[Data entries]
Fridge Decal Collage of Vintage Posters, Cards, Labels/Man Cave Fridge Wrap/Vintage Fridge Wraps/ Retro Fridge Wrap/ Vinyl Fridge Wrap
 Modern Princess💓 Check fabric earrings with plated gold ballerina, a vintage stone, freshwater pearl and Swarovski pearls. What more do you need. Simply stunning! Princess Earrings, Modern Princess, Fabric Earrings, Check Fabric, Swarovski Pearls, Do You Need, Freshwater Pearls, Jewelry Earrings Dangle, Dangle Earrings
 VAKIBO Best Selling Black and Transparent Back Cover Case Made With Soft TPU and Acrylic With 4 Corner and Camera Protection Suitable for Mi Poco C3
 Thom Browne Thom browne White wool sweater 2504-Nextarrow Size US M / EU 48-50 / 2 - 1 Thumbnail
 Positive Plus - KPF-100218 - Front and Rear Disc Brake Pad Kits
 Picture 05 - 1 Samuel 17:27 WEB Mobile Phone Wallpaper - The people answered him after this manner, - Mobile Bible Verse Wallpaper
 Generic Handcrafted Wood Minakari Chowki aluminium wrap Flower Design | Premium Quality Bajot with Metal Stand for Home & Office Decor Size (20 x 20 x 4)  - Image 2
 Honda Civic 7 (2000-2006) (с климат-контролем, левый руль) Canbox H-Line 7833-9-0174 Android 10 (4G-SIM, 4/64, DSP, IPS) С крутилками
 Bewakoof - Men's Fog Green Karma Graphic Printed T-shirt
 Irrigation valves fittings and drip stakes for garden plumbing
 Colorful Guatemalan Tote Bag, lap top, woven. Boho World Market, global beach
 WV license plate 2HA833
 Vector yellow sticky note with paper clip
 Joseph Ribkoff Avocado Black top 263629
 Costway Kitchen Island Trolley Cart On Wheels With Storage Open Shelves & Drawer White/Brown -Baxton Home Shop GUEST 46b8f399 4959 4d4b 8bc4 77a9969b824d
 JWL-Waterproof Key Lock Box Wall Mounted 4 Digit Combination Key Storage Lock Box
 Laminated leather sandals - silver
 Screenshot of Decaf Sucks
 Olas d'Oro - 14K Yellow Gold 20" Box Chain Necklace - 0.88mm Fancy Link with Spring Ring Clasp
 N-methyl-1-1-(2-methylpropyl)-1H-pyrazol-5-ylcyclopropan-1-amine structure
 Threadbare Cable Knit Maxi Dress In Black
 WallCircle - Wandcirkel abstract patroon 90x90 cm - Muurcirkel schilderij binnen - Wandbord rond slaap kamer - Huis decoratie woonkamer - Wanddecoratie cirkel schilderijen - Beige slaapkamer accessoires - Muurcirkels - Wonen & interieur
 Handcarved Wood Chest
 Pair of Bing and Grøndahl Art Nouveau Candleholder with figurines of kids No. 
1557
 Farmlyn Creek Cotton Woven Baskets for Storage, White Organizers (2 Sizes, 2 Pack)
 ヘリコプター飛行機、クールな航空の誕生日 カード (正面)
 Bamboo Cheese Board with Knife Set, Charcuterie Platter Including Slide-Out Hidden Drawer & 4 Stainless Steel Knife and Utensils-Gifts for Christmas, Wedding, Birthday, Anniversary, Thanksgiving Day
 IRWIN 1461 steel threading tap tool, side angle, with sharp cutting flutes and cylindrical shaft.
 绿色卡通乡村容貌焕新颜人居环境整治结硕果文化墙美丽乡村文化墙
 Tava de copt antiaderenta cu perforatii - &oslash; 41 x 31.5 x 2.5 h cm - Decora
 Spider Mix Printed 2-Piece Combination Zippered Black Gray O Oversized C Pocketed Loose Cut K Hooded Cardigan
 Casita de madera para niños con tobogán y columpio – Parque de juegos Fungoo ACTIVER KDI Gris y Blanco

§ **What you are asked to do**
Copy every record above out again, word for word.

§ **Result for this exercise**
Fridge Decal Collage of Vintage Posters, Cards, Labels/Man Cave Fridge Wrap/Vintage Fridge Wraps/ Retro Fridge Wrap/ Vinyl Fridge Wrap
 Modern Princess💓 Check fabric earrings with plated gold ballerina, a vintage stone, freshwater pearl and Swarovski pearls. What more do you need. Simply stunning! Princess Earrings, Modern Princess, Fabric Earrings, Check Fabric, Swarovski Pearls, Do You Need, Freshwater Pearls, Jewelry Earrings Dangle, Dangle Earrings
 VAKIBO Best Selling Black and Transparent Back Cover Case Made With Soft TPU and Acrylic With 4 Corner and Camera Protection Suitable for Mi Poco C3
 Thom Browne Thom browne White wool sweater 2504-Nextarrow Size US M / EU 48-50 / 2 - 1 Thumbnail
 Positive Plus - KPF-100218 - Front and Rear Disc Brake Pad Kits
 Picture 05 - 1 Samuel 17:27 WEB Mobile Phone Wallpaper - The people answered him after this manner, - Mobile Bible Verse Wallpaper
 Generic Handcrafted Wood Minakari Chowki aluminium wrap Flower Design | Premium Quality Bajot with Metal Stand for Home & Office Decor Size (20 x 20 x 4)  - Image 2
 Honda Civic 7 (2000-2006) (с климат-контролем, левый руль) Canbox H-Line 7833-9-0174 Android 10 (4G-SIM, 4/64, DSP, IPS) С крутилками
 Bewakoof - Men's Fog Green Karma Graphic Printed T-shirt
 Irrigation valves fittings and drip stakes for garden plumbing
 Colorful Guatemalan Tote Bag, lap top, woven. Boho World Market, global beach
 WV license plate 2HA833
 Vector yellow sticky note with paper clip
 Joseph Ribkoff Avocado Black top 263629
 Costway Kitchen Island Trolley Cart On Wheels With Storage Open Shelves & Drawer White/Brown -Baxton Home Shop GUEST 46b8f399 4959 4d4b 8bc4 77a9969b824d
 JWL-Waterproof Key Lock Box Wall Mounted 4 Digit Combination Key Storage Lock Box
 Laminated leather sandals - silver
 Screenshot of Decaf Sucks
 Olas d'Oro - 14K Yellow Gold 20" Box Chain Necklace - 0.88mm Fancy Link with Spring Ring Clasp
 N-methyl-1-1-(2-methylpropyl)-1H-pyrazol-5-ylcyclopropan-1-amine structure
 Threadbare Cable Knit Maxi Dress In Black
 WallCircle - Wandcirkel abstract patroon 90x90 cm - Muurcirkel schilderij binnen - Wandbord rond slaap kamer - Huis decoratie woonkamer - Wanddecoratie cirkel schilderijen - Beige slaapkamer accessoires - Muurcirkels - Wonen & interieur
 Handcarved Wood Chest
 Pair of Bing and Grøndahl Art Nouveau Candleholder with figurines of kids No. 
1557
 Farmlyn Creek Cotton Woven Baskets for Storage, White Organizers (2 Sizes, 2 Pack)
 ヘリコプター飛行機、クールな航空の誕生日 カード (正面)
 Bamboo Cheese Board with Knife Set, Charcuterie Platter Including Slide-Out Hidden Drawer & 4 Stainless Steel Knife and Utensils-Gifts for Christmas, Wedding, Birthday, Anniversary, Thanksgiving Day
 IRWIN 1461 steel threading tap tool, side angle, with sharp cutting flutes and cylindrical shaft.
 绿色卡通乡村容貌焕新颜人居环境整治结硕果文化墙美丽乡村文化墙
 Tava de copt antiaderenta cu perforatii - &oslash; 41 x 31.5 x 2.5 h cm - Decora
 Spider Mix Printed 2-Piece Combination Zippered Black Gray O Oversized C Pocketed Loose Cut K Hooded Cardigan
 Casita de madera para niños con tobogán y columpio – Parque de juegos Fungoo ACTIVER KDI Gris y Blanco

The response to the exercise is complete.